Of course, it can be argued that the plight of the many millions of families living in the malodorous shantytowns that surround most cities or in backward rural areas is the natural result of policies that have long been enthusiastically endorsed by people much like Alberto, Cristina and the rest of them (including plenty of Radicals), so agreeing to let them “restructure” or “reschedule” the relatively small debt repayments that are currently being discussed would merely encourage them to carry on impoverishing their compatriots. From the point of view of the many who have come to the conclusion that, as Argentina’s political masters are entirely responsible for what has happened to her, any attempt to help them get her out of the hole they pushed her into would be certain to be counterproductive. They would like to put the country in financial quarantine and have done with it.
By now many politicians, including Alberto when Cristina is out of earshot, know full well that no country, even their own, can expect to live beyond its means forever. What they cannot agree on is what should be done when the money from either the printing press or gullible investors finally stops coming in. It is all very well to say they would then have to slash government spending, fire a huge number of superfluous public employees, cut taxes by at least half, eliminate bureaucratic red tape, stop inflation in its tracks by squeezing the money supply and other such distasteful measures, but doing all this would entail letting unemployment go through the roof and, by depriving the many who need them of the handouts they have grown used to receiving, it could lead to mass starvation.
It would also, needless to say, mean plenty of blood on the streets; bellicose organisations which have made a practice of forcing the government of the day to pay them Danegeld would immediately go on the offensive, as would leftists waging a war with capitalism, Kirchnerites who dream of their own kind of revolution and many others who would feel they had no choice but to rise in rebellion.
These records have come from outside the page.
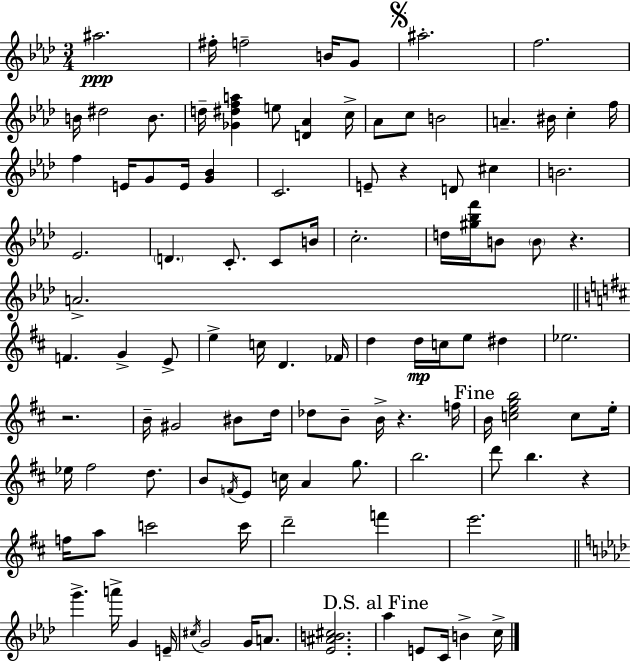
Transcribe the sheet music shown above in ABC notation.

X:1
T:Untitled
M:3/4
L:1/4
K:Ab
^a2 ^f/4 f2 B/4 G/2 ^a2 f2 B/4 ^d2 B/2 d/4 [_G^dfa] e/2 [D_A] c/4 _A/2 c/2 B2 A ^B/4 c f/4 f E/4 G/2 E/4 [G_B] C2 E/2 z D/2 ^c B2 _E2 D C/2 C/2 B/4 c2 d/4 [^g_bf']/4 B/2 B/2 z A2 F G E/2 e c/4 D _F/4 d d/4 c/4 e/2 ^d _e2 z2 B/4 ^G2 ^B/2 d/4 _d/2 B/2 B/4 z f/4 B/4 [cegb]2 c/2 e/4 _e/4 ^f2 d/2 B/2 F/4 E/2 c/4 A g/2 b2 d'/2 b z f/4 a/2 c'2 c'/4 d'2 f' e'2 g' a'/4 G E/4 ^c/4 G2 G/4 A/2 [_E^AB^c]2 _a E/2 C/4 B c/4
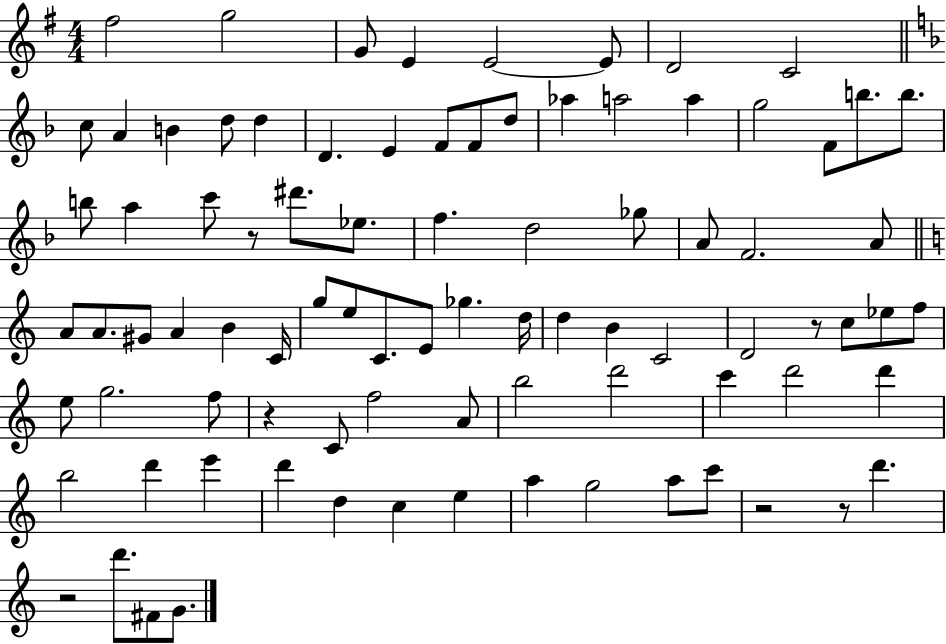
{
  \clef treble
  \numericTimeSignature
  \time 4/4
  \key g \major
  fis''2 g''2 | g'8 e'4 e'2~~ e'8 | d'2 c'2 | \bar "||" \break \key f \major c''8 a'4 b'4 d''8 d''4 | d'4. e'4 f'8 f'8 d''8 | aes''4 a''2 a''4 | g''2 f'8 b''8. b''8. | \break b''8 a''4 c'''8 r8 dis'''8. ees''8. | f''4. d''2 ges''8 | a'8 f'2. a'8 | \bar "||" \break \key c \major a'8 a'8. gis'8 a'4 b'4 c'16 | g''8 e''8 c'8. e'8 ges''4. d''16 | d''4 b'4 c'2 | d'2 r8 c''8 ees''8 f''8 | \break e''8 g''2. f''8 | r4 c'8 f''2 a'8 | b''2 d'''2 | c'''4 d'''2 d'''4 | \break b''2 d'''4 e'''4 | d'''4 d''4 c''4 e''4 | a''4 g''2 a''8 c'''8 | r2 r8 d'''4. | \break r2 d'''8. fis'8 g'8. | \bar "|."
}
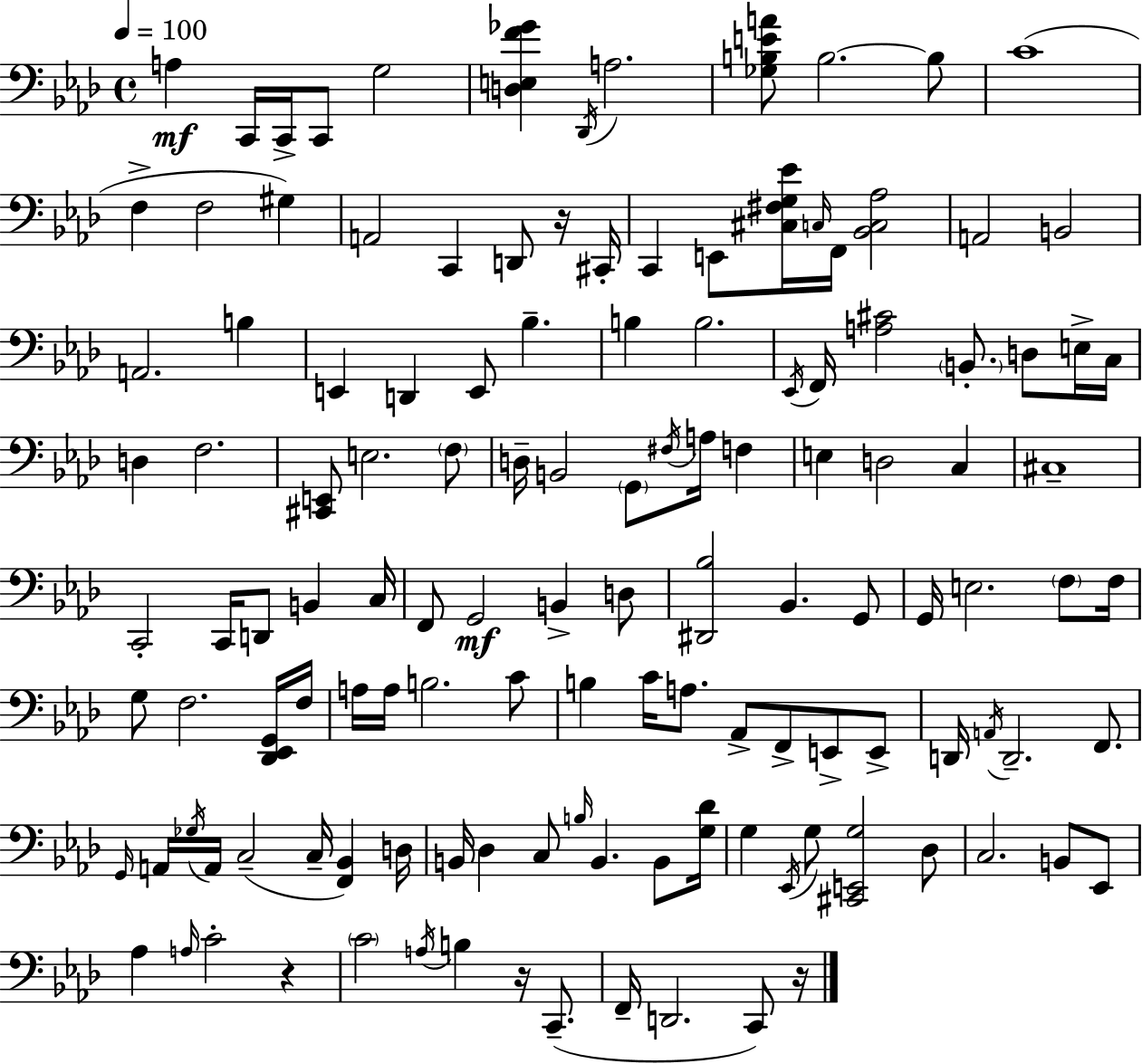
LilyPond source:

{
  \clef bass
  \time 4/4
  \defaultTimeSignature
  \key f \minor
  \tempo 4 = 100
  a4\mf c,16 c,16-> c,8 g2 | <d e f' ges'>4 \acciaccatura { des,16 } a2. | <ges b e' a'>8 b2.~~ b8 | c'1( | \break f4-> f2 gis4) | a,2 c,4 d,8 r16 | cis,16-. c,4 e,8 <cis fis g ees'>16 \grace { c16 } f,16 <bes, c aes>2 | a,2 b,2 | \break a,2. b4 | e,4 d,4 e,8 bes4.-- | b4 b2. | \acciaccatura { ees,16 } f,16 <a cis'>2 \parenthesize b,8.-. d8 | \break e16-> c16 d4 f2. | <cis, e,>8 e2. | \parenthesize f8 d16-- b,2 \parenthesize g,8 \acciaccatura { fis16 } a16 | f4 e4 d2 | \break c4 cis1-- | c,2-. c,16 d,8 b,4 | c16 f,8 g,2\mf b,4-> | d8 <dis, bes>2 bes,4. | \break g,8 g,16 e2. | \parenthesize f8 f16 g8 f2. | <des, ees, g,>16 f16 a16 a16 b2. | c'8 b4 c'16 a8. aes,8-> f,8-> | \break e,8-> e,8-> d,16 \acciaccatura { a,16 } d,2.-- | f,8. \grace { g,16 } a,16 \acciaccatura { ges16 } a,16 c2--( | c16-- <f, bes,>4) d16 b,16 des4 c8 \grace { b16 } b,4. | b,8 <g des'>16 g4 \acciaccatura { ees,16 } g8 <cis, e, g>2 | \break des8 c2. | b,8 ees,8 aes4 \grace { a16 } c'2-. | r4 \parenthesize c'2 | \acciaccatura { a16 } b4 r16 c,8.--( f,16-- d,2. | \break c,8) r16 \bar "|."
}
With this kind of prospect looming, it is understandable that Alberto’s government is even less willing than was Macri’s to embark on the “structural reforms” most economists consider necessary. All its leaders want to do is keep the show on the road in the hope that somehow or other nothing really terrible happens which could deprive them of the power they have always craved and to which they will continue to cling. Optimists seem to think that, thanks to the great coronavirus crisis, the financial powers that be will go easy on all debtor countries, which, if nothing else, would give them a bit more time in which to work out what to do. Whether or not the people in office would be able to use the respite they hope is coming their way for anything positive is something most would rather not think about. After all, they have other priorities.